Enfin sont-ils comparables en termes de flux aux apports des rivières ? Les conditions susceptibles de générer ces relarguages sont connues : anoxie des fonds, favorisée par la stratification des eaux, elle-même liée aux apports d’eau douce de la centrale dans le nord de l’étang. En revanche, leur importance au regard de l’eutrophisation globale de l’écosystème n’est pas évaluée. C’est pourquoi le cycle des nutriments dans l’étang de Berre – pas simplement en termes de bilan – doit être une des priorités de recherche.
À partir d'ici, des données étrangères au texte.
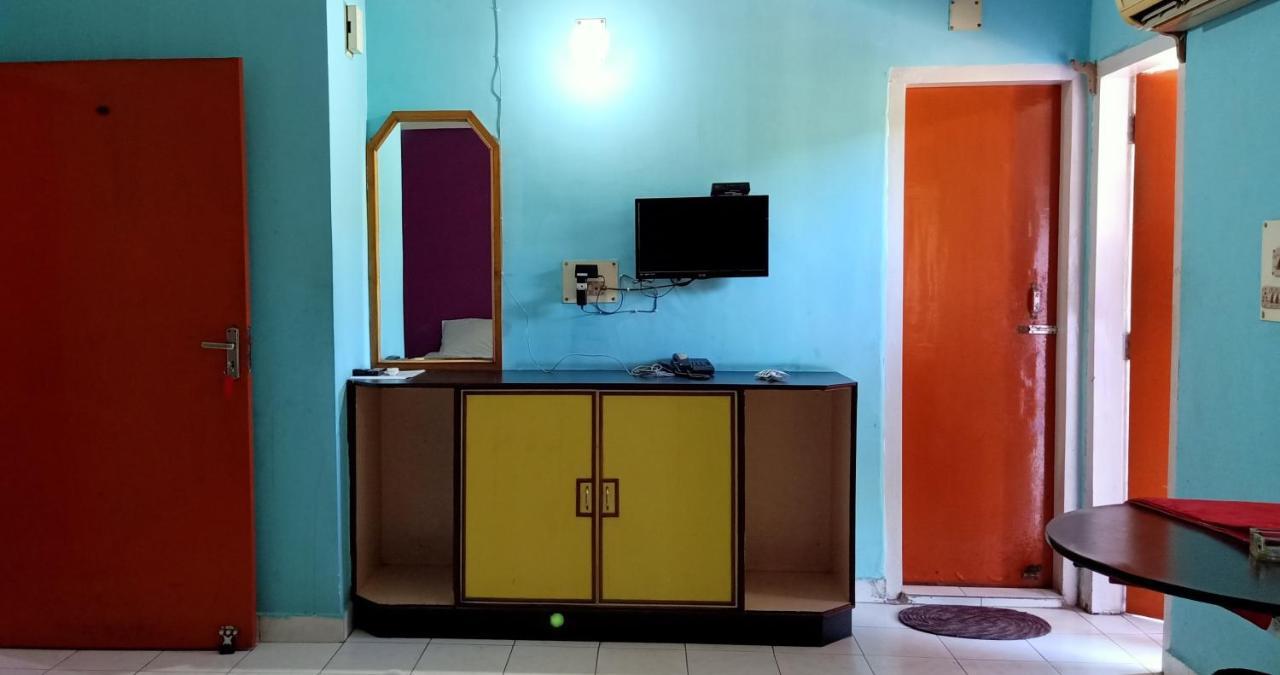 Lg Towers Hotel Guwahati Bagian luar foto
En outre, il reste encore beaucoup à apprendre sur la faune et la flore. Les herbiers de Zostères sont toujours une source d’interrogation. Les conclusions des réimplantations expérimentales d’herbiers sont mitigées, il faut mieux comprendre ce qui contraint le développement des Zostères dans l’étang. Quant à la recolonisation de la macrofaune benthique, des études antérieures ont montré que lorsque les conditions s’améliorent, les peuplements peuvent réapparaître en quelques mois. On a encore du mal pourtant à faire la part des différents facteurs qui rentrent en jeu. Certaines zones présentent des valeurs de contaminants dans les sédiments importantes, est ce limitant pour la macrofaune ? Est-ce principalement la faible oxygénation des fonds qui est en cause ? Il faudrait par exemple pouvoir discriminer ce qui relève des contaminants de ce qui relève de la colonne d’eau…
3) Tout au long de ces journées, des pistes d’actions ont été évoquées, comme par exemple, une meilleure valorisation des données collectées ou le développement de modèles d’écosystèmes… des modes de restauration d’habitat comme la transplantation d’herbiers ou le renouvellement des eaux ont été indiqués comme pouvant favoriser la restauration de l’étang de Berre… qu’en pensez-vous ?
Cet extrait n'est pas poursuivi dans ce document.